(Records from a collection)
**********

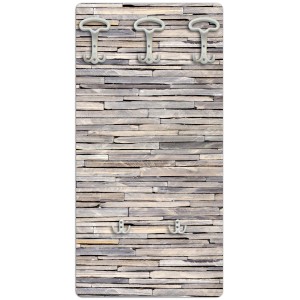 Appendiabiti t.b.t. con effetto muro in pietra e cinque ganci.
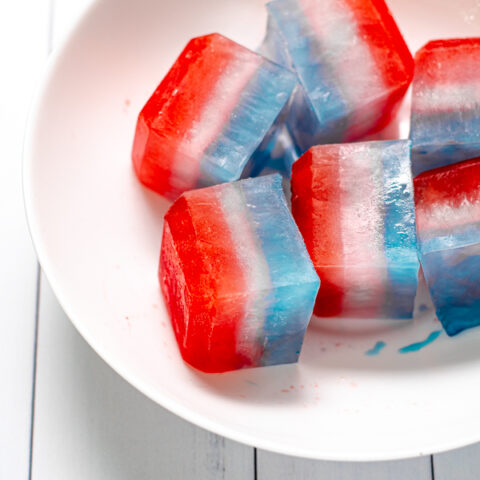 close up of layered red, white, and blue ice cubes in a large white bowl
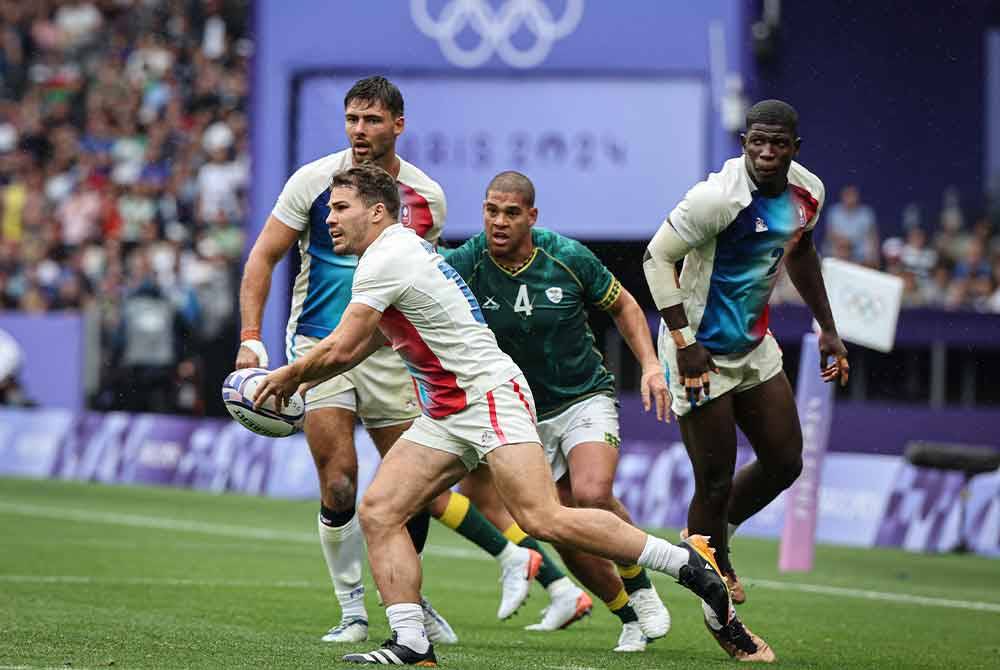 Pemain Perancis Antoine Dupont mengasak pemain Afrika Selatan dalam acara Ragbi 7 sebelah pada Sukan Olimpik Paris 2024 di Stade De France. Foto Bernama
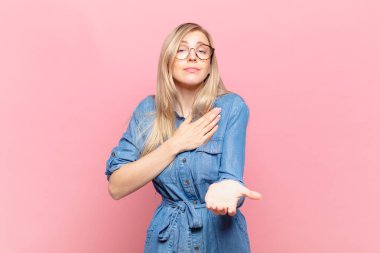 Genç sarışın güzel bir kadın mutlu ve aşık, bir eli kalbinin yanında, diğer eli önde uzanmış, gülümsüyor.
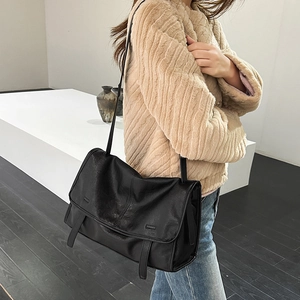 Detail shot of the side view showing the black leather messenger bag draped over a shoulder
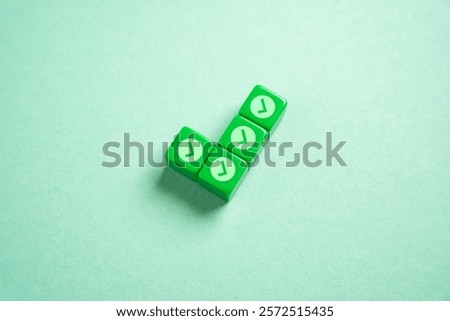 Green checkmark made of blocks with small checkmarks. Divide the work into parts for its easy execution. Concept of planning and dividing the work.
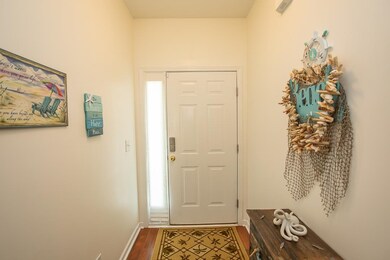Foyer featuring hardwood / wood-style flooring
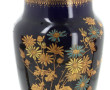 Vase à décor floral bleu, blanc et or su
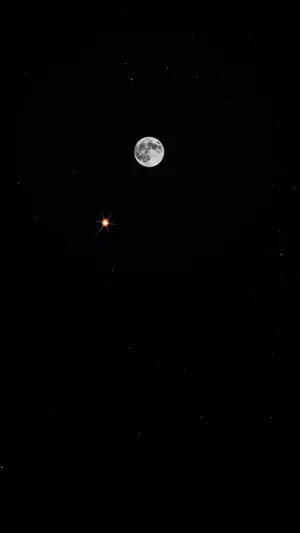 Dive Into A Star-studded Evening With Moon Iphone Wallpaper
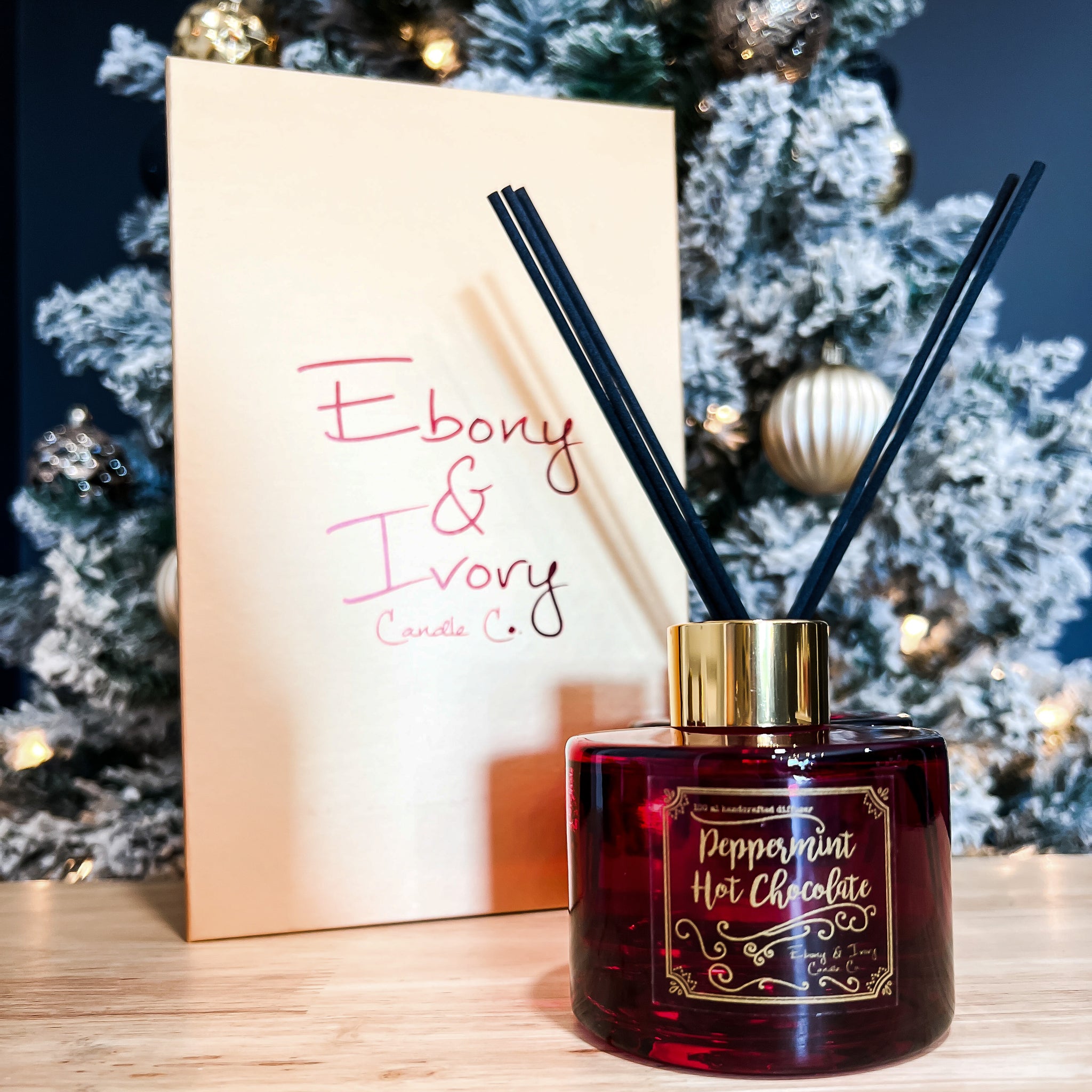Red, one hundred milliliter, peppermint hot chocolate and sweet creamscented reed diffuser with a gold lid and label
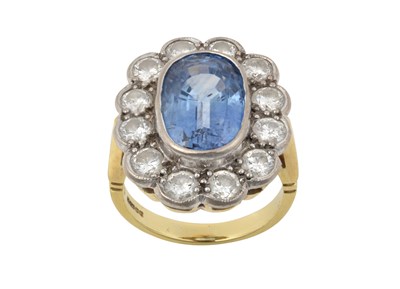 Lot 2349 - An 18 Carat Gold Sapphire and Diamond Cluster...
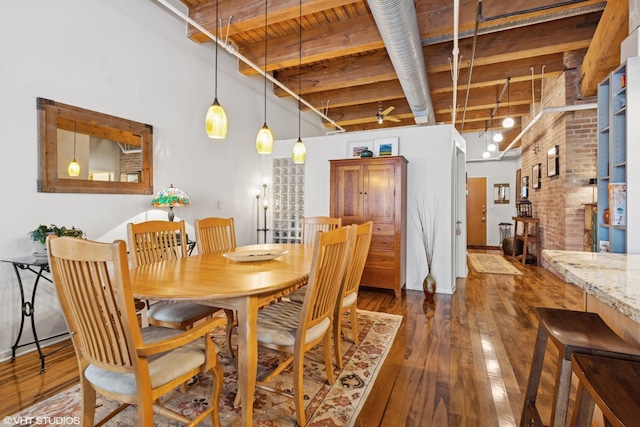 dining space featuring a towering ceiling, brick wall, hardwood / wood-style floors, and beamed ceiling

**********

Return each record exactly as given, excluding any image.

 Appendiabiti t.b.t. con effetto muro in pietra e cinque ganci.
 close up of layered red, white, and blue ice cubes in a large white bowl
 Pemain Perancis Antoine Dupont mengasak pemain Afrika Selatan dalam acara Ragbi 7 sebelah pada Sukan Olimpik Paris 2024 di Stade De France. Foto Bernama
 Genç sarışın güzel bir kadın mutlu ve aşık, bir eli kalbinin yanında, diğer eli önde uzanmış, gülümsüyor.
 Detail shot of the side view showing the black leather messenger bag draped over a shoulder
 Green checkmark made of blocks with small checkmarks. Divide the work into parts for its easy execution. Concept of planning and dividing the work.
Foyer featuring hardwood / wood-style flooring
 Vase à décor floral bleu, blanc et or su
 Dive Into A Star-studded Evening With Moon Iphone Wallpaper
Red, one hundred milliliter, peppermint hot chocolate and sweet creamscented reed diffuser with a gold lid and label
 Lot 2349 - An 18 Carat Gold Sapphire and Diamond Cluster...
 dining space featuring a towering ceiling, brick wall, hardwood / wood-style floors, and beamed ceiling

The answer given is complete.